Goal of the exercise:
Find each line in the records below that contains the word "ブラック", and copy it out.

Records for this exercise:
━━━━
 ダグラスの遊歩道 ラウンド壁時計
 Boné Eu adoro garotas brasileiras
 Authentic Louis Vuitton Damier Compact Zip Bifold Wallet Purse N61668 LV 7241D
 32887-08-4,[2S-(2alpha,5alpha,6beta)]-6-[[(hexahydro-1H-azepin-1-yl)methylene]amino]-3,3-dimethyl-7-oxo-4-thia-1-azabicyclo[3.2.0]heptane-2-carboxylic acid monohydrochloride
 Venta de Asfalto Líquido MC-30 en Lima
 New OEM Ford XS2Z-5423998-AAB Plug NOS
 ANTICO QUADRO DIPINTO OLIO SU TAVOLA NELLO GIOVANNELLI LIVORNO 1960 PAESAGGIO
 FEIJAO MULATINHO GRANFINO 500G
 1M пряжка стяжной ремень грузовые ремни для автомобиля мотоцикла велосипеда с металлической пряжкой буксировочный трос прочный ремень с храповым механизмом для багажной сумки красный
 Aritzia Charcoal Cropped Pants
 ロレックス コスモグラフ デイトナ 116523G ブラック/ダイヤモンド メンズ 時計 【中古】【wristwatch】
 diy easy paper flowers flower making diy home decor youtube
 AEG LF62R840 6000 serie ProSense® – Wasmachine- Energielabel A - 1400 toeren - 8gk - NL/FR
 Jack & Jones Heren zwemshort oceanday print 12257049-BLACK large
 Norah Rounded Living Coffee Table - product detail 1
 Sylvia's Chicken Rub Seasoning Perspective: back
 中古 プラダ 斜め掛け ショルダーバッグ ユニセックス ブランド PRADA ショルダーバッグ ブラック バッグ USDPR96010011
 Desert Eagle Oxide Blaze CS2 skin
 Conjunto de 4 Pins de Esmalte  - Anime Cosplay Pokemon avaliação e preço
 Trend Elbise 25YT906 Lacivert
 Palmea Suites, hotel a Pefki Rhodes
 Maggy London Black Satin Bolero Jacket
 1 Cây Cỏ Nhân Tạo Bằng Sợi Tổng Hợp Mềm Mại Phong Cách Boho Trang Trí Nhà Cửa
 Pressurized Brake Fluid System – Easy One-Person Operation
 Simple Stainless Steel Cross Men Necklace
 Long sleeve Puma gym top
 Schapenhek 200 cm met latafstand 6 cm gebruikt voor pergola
━━━━
Answer box:
 ロレックス コスモグラフ デイトナ 116523G ブラック/ダイヤモンド メンズ 時計 【中古】【wristwatch】
 中古 プラダ 斜め掛け ショルダーバッグ ユニセックス ブランド PRADA ショルダーバッグ ブラック バッグ USDPR96010011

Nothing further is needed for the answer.